3:48 pm
April 7, 2026
According to the Department of Revenue, state tax collections totaled $36.072 billion in fiscal year 2025. That was an increase of $1.565 billion (4.5%) compared to FY 2024 collections. (These are total state tax collections, not just revenues that are subject to the outlook.)
Since 2020, business and occupation tax collections have grown by 277.9%, the most of the three largest taxes. Combined, all state taxes have grown by 203.9% since 2020.

More volatility
Tax revenues decreased by $880.5 million from FY 2023 to FY 2024. That decline was driven by real estate excise tax, estate tax, and capital gains tax, which together decreased by $1.096 billion. Similarly, the FY 2025 increase in collections from all sources was driven by real estate excise tax, estate tax, and capital gains tax, which together increased by $799.4 million (51% of the total increase).
These three taxes are major sources of revenue for the state and are more volatile than other sources. The real estate excise tax has always been volatile, but the Legislature made it more so beginning Jan. 1, 2020, when graduated rates for the tax took effect.
Capital gains taxes are also inherently volatile. Further, because the tax is new and we only have three data points, it’s not clear yet what the normal range for capital gains tax collections will be. The additional 2.9% tax on capital gains over $1 million that was adopted last year will first show up in FY 2026 collections.
The major increases to estate tax rates that were adopted last year were repealed this year. However, FY 2026 collections will reflect the higher tax rates.

Motor fuel and sin taxes declining
Collections from most of the major taxes increased in FY 2025, except for motor fuels taxes and sin taxes. In nominal terms, both motor fuels taxes and sin taxes have been declining since 2022. (Sin taxes include liquor sales and liter taxes, beer and wine excise taxes, cannabis excise tax, cigarette tax, tobacco products tax, and vapor products tax.)
In 2025, the Legislature made some changes to these taxes that could turn collections around.

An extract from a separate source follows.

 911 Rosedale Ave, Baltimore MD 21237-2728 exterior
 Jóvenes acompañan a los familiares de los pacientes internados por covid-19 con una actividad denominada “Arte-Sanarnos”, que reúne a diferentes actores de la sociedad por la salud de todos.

First, the motor fuel tax rate was increased by 6 cents effective July 1, 2025, and it will be increased annually by 2%. This will affect collections beginning in FY 2026. Consequently, nominal motor fuel tax collections are expected to increase beginning in 2026. (However, the February 2026 transportation revenue forecast estimates that fuel tax revenue will decline beginning in FY 2029, when adjusted for inflation.)
Second, the Legislature applied the tobacco products tax to products containing nicotine, whether synthetic or from tobacco. It’s not clear how the tobacco products tax change will affect the trajectory of overall sin tax revenue.